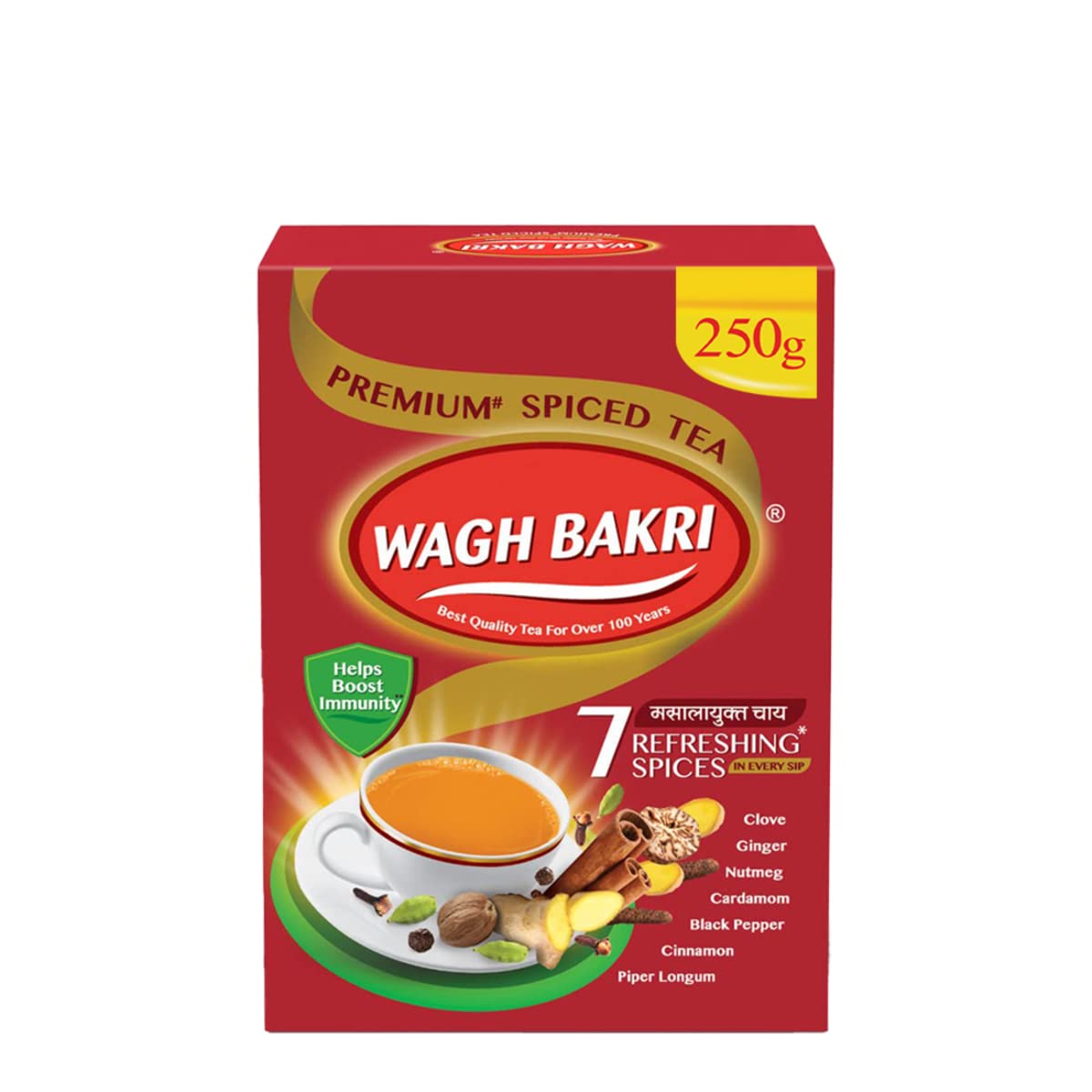 

Wagh Bakri Premium Spiced Tea 250 Gram Pack | Black Tea with 7 Exotic Indian Spices for Masala Chai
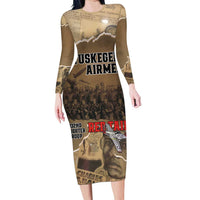 Tuskegee Airmen Tribute Long Sleeve Bodycon Dress Black History Air Force LT18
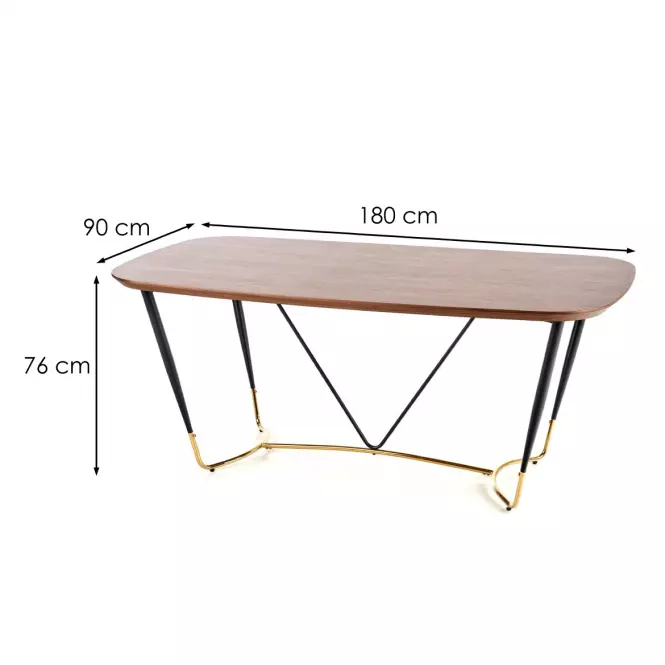 Stół Manchester 180 Mdf/Stal – Orzech/Złoty,4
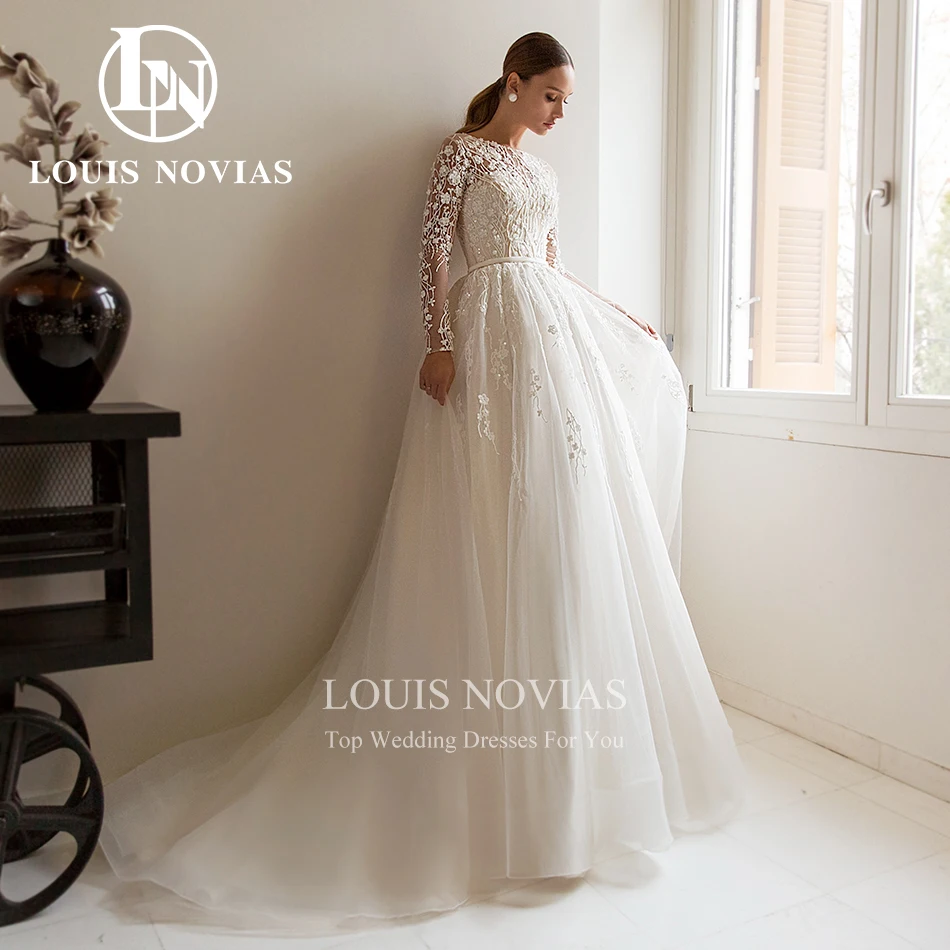 Louis Novias ชุดแต่งงานทรงเอไลน์สำหรับผู้หญิงชุดเดรสปักลูกไม้ติดลูกปัดแขนยาวสำหรับ2024ชุดเดรสชุดเจ้าสาว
===
## Work required
The expected output is the full data above, reproduced exactly with no images.

## Written response
Wagh Bakri Premium Spiced Tea 250 Gram Pack | Black Tea with 7 Exotic Indian Spices for Masala Chai
 Tuskegee Airmen Tribute Long Sleeve Bodycon Dress Black History Air Force LT18
 Stół Manchester 180 Mdf/Stal – Orzech/Złoty,4
 Louis Novias ชุดแต่งงานทรงเอไลน์สำหรับผู้หญิงชุดเดรสปักลูกไม้ติดลูกปัดแขนยาวสำหรับ2024ชุดเดรสชุดเจ้าสาว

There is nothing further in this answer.